A los habitantes de este feliz parque temático que es la vida nos gusta a menudo pensarnos libres y soñadores, pasando por alto el bombardeo continuo de la propaganda, el fuego amigo, ante el cual sólo cabe preguntarse, como dijo alguien: con amigos así, ¿quién necesita enemigos? Alto, cierta vocecita me reprende susurrándome al oído que he pecado de optimismo llamando «feliz parque temático» a la vida. Esa voz quisiera hacerse oír, por ejemplo, con el viejo y endeble argumento del tiempo que empleamos trabajando, el cual no puede ser considerado ni por asomo, en la mayoría de los casos, como tiempo de diversión, disfrute o esparcimiento. Quien así argumenta no es de este mundo, no se ha enterado aún de que, primero, el optimismo no es nunca un vicio sino todo lo contrario, y, segundo, que quien no disfruta con su trabajo es porque no quiere. Lo mismo da ser un alto ejecutivo que un limpiador de letrinas: al trabajo hay que entregarse con toda la energía, vitalidad y alegría con la que nos entregamos a cualquier otra actividad que merezca la pena (work hard, play hard). Ya lo dice también otro anuncio estampado en unas furgonetas de reparto de no sé qué compañía que se puede ver a veces por la ciudad: «Entregar o entregarse, ¿cuál es la diferencia?». No la hay, como no debe haber diferencia entre la producción y el consumo: a la producción es necesario dedicarse con fruición, de la misma manera que el consumo debe ser perseguido sin descanso y con disciplina férrea.
Hace unos días, en las mismas fechas en que se nos animaba a acudir a Disneyland desde las marquesinas de la ciudad, salió mi hijo pequeño del colegio diciendo que quería ir a París porque allí están Mickey, Pluto y otros, pero los de verdad, papá, los de verdad.

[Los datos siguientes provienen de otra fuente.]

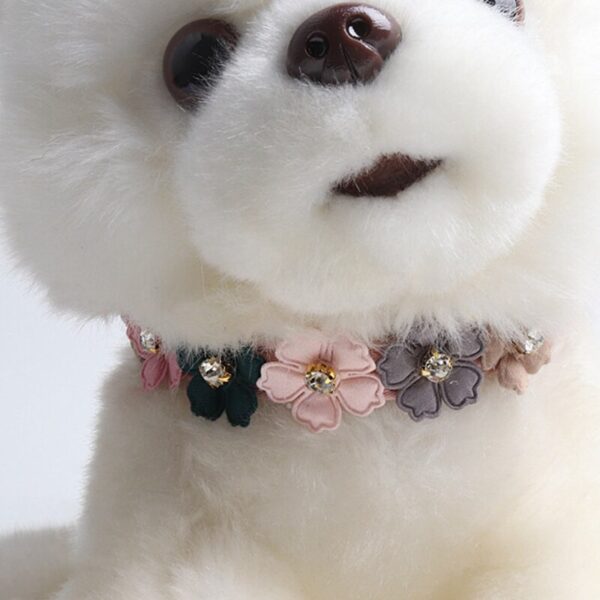 4pcs Flowers Dog Collar - Image 4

Y es que desde hace tiempo, al menos con los libritos que usan en su colegio, enseñan cosas a los pobres niños de la etapa infantil (de 3 a 6 años) a través de viajes a los lugares más populares del mundo (Méjico, Japón, Kenia y, cómo no, ¡París!). Se supone que los padres debemos estar encantados: creo que han diseñado esta etapa educativa pensando más en nosotros que en nuestros críos, pensando que todos –pobres y ricos, altos y bajos, jubilados y trabajadores– deseamos viajar siempre a todas partes, sin prestar atención a lo que hacemos como turistas: consumir lugares.
¿Quién puede oponerse a despertar el deseo de viajar en los niños? Sólo los amargados como yo, que lo somos, entre otros motivos, por nuestra incapacidad de disfrutar de los viajes turísticos como si fueran dulces bocados sin rastro de amargor. Somos lo que comemos, dice la sabiduría popular, de manera que la gente como yo obtiene su justa recompensa, la amargura, por negarse a disfrutar a tope las experiencias de la vida; pero contra esto también hay que revelarse: no, no sólo somos lo que comemos, debemos tratar de ser felices y libres de verdad, a pesar del rancho que nos sirven a diario, y saber escupir a veces lo que nos ofrecen como manjar de dioses.